A artista visual Rafa Bqueer, em sua obra Oyá – Imagens da Revolta (O cabano paraense) 2023, reivindica uma memória preta-afro-amazônica presente na história da Cabanagem, revolta popular ocorrida alguns anos depois da adesão do Pará à independência do Brasil. “Se nós, artistas contemporâneas, pretas, indígenas, somos as descendentes das que lutaram pela liberdade na Cabanagem, nada mais justo que nós possamos trazer o nosso lugar de fala ancestral”, enfatiza a artista. “Para criar imagens que questionem as representações feitas por artistas brancos modernistas”, a performance, orientada para fotografia, propõe um monumento vivo onde uma figura empunha um terçado, símbolo de Oyá, uma divindade da religião iorubá e da cultura afro-amazônica, desafiando a arquitetura modernista de Oscar Niemeyer na entrada da cidade. A obra esteve exposta no andar térreo da Bienal das Amazônias.
Entre trocas e partilhas, os artistas dialogaram com os temas que permeiam a realidade amazônica e que têm uma relação de proximidade com o cotidiano ribeirinho.
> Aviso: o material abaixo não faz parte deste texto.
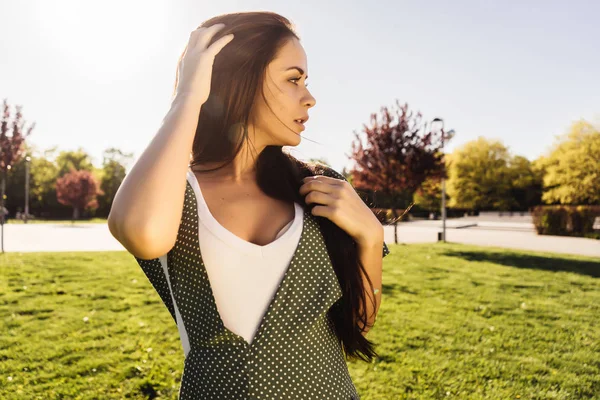 Smiling woman,freedom concept,enjoy life,summer — Stock Photo, Image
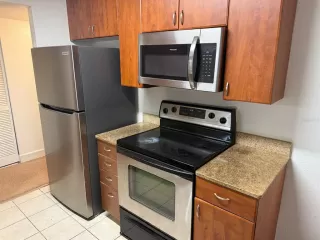 Photo #4: O6360079 Listing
A instalação O Mundo do fundo de Jamaci (2017) é um mapa das memórias do riacho Igarapé Jamaci, produzido com as famílias de uma comunidade na ilha da região insular de Belém. A artista canadense radicada no Brasil, Véronique Isabelle, e a fotógrafa paraense Débora Flor conviveram com os moradores da região e, a partir de trocas simbólicas estabelecidas, percorreram por alguns anos as águas do rio Jamaci. O olhar do tralhoto (2023) é uma instalação fotográfica de Débora Flor na qual a artista afirma “somos todos as águas que formam este grande rio”. Já Canoa Cobra (2016-2023) é uma canoa construída por Véronique Isabelle e Éder Ribeiro, posteriormente modificada em 2019 por Véronique com a assistência do Mestre João.
Neste vasto panorama da arte contemporânea amazônica, a 1ª Bienal das Amazônias surgiu como um respiro que descentraliza a produção contemporânea em artes visuais no Brasil. Teve também um olhar atento para a emergente produção artística dos povos do Norte do Brasil, ao convocar artistas que assumem este protagonismo enquanto povos da região amazônica. Contribuiu para que artistas amazônicos falem por si, para os seus e para o mundo.
Cinthya Marques do Nascimento é fotógrafa, artista e pesquisadora. Professora da Universidade Federal do Sul e Sudeste do Pará, UNIFESSPA. Atualmente desenvolve pesquisa de Doutorado sobre a representatividade da Amazônia na Arte Brasileira na Universidade Federal do Rio de Janeiro, UFRJ.